Las reglas básicas de este campamento eran los puntos; a lo largo de la estancia alli se irían concediendo puntos por buen comportamiento, limpieza y orden en las habitaciones, participación en las absurdas actividades propuestas y poco más.
Y en este momento os preguntareis: ¿y qué es lo que se obtiene al final de la excursión?, pues una mierda de premios inútiles estilo "mención de honor como campeón del campamento" (el que se inventó este tipo de bonificaciones debía de tener algun tipo de retraso, porque no conozco a nadie a quien le hiciera ilusión).

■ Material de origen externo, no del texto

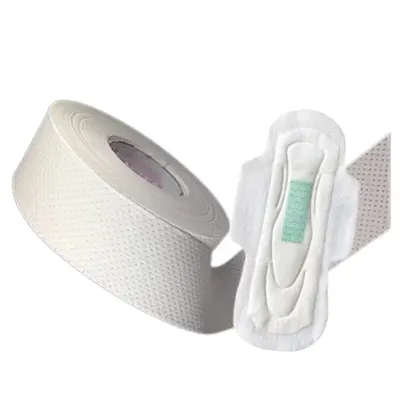 Malina Sanitary Pads With Ultra Wings - 32CM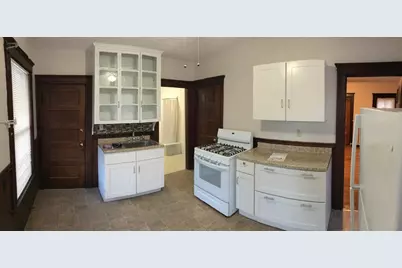 82 Bridge Street #1, Salem, MA 01970 - Photo 5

Como cabía esperar, ninguno de mi grupo hizo méritos para conseguir avanzar en esta lista de puntos, lo que nos convertía en el grupo más penoso de la historia del campamento, tanto que nuestra lista de puntos se quedo a cero mientras otros compañeros del colegio se esforzaban en mantener sus cuartos impolutos (¡bien por ellos!, seguro que ahora estarán super orgullosos de si mismos jaja).
Entrando ya en materia, esta historia relata un accidente peculiar, que en un principio quedó en una tonteria, pero podría haber pasado a males mayores.
Resulta que en mi habitación estabamos ocho personas repartidos en cuatro literas, siendo un servidor poseedor de la cama inferior de una de ellas. Para divertirnos aun más se nos ocurrió pegar las literas unas con otras, sin dejar espacios entre ellas y así poder sentarnos todos para comentar anécdotas del campamento como el gran pedo que soltó uno de nosotros el primer día que un profesor entró en la habitación para despertarnos.
Una de las noches en las literas, los dueños de las camas superiores decidieron divertirse de una forma diferente: acojonando a aquellos que ocupabamos las camas inferiores, dando saltos y moviendo aquel entramado de madera chirriante asegurado con cinta aislante.
Fue tal mi congoja por aquellos estruendos que sin pensarmelo me quité de enmedio, sentandome en la cama justo a mi siniestra, lo que hizo que su dueño intenara encarecidamente echarme de ella hasta que por fin se convenció de lo contrario: mi litera se partió literalmente por la mitad, y la cama de arriba se convirtió en la cama de abajo, dejandonos a todos boquiabiertos.
El chico que saltaba encima de mí se quedó paralizado pensando que yo aún seguía alli dentro, y si no llega a ser por mi cabezonería, miedo o ángel de la guarda, así habría sido.